A non-insignificant portion of the video game industry considers storytelling in games unimportant.
This includes not just video game fans, but many developers as well. Some very high-profile, like Shigeru Miyamoto. To them, stories in video games are little more than distractions, which serve to keep the player away from the gameplay. This mindset is harmful.
Bad storytelling can bring a game down, there’s no doubt about it. But that doesn’t mean that storytelling in games is a bad thing, and it also doesn’t mean that stopping the player to deliver the story is a bad thing. Some games have done this incredibly well, and some games are made far better for having a story.

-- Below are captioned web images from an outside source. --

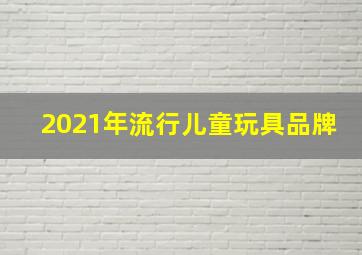 2021年流行儿童玩具品牌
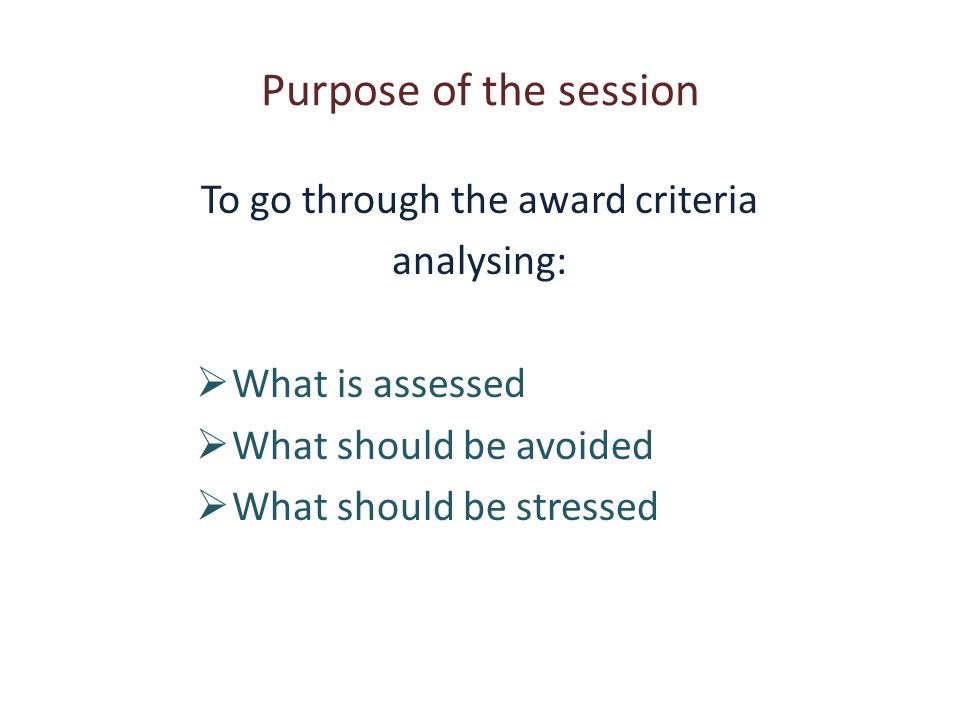 Purpose of the session To go through the award criteria analysing: What is assessed What should be avoided What should be stressed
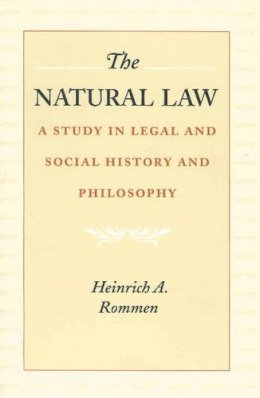 Henrich Rommen - The Natural Law - 9780865971615 - V9780865971615
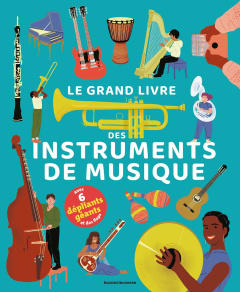 Le grand livre des instruments de musique - Lafitte Nicolas ; Papin Johan ; Cantou Aurélien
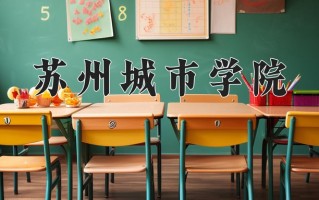 苏州城市学院学费多少钱一年：5200-5800元/年（2025填报参考）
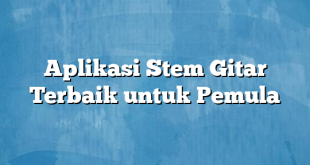 Aplikasi Stem Gitar Terbaik untuk Pemula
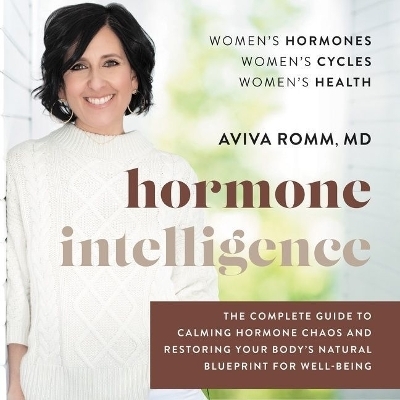 Hormone Intelligence Lib/E - Aviva Romm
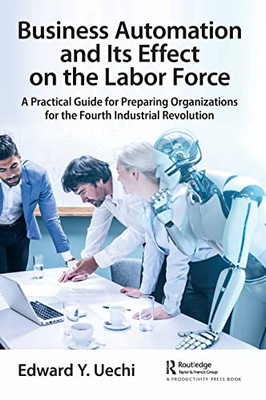 Business Automation And Its Effect On The Labor Force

One recent example would be Wolfenstein: The New Order. When trailers for that game first started coming out, expectations for it were at an all-time low. People thought that trying to tell a dramatic story in a Wolfenstein game, a series known for being incredibly silly and nonsensical, would be a horrible failure.
And yet people loved it. They began to genuinely care about the characters, about the story, about the setting, and were drawn in by the cutscenes. For many, the story was more enjoyable than the gameplay. And that’s not a knock against the gameplay, so much as a sign of how good the story was.
And there are plenty of examples of games with amazing and interesting stories. Examples include games like Ghost Trick or Hotel Dusk, where the story twists and weaves many times over the course of the game before tying everything together into a perfect little package.
Does every game need an amazing story? Not really. But there are many games which feel less interesting without them. It doesn’t have to be a massive, immersive story. But simply having something to keep the player interested and to keep the action moving forward is better than nothing at all. To suggest that games would be better without stories is both regressive and harmful to the industry’s development and ability to mature.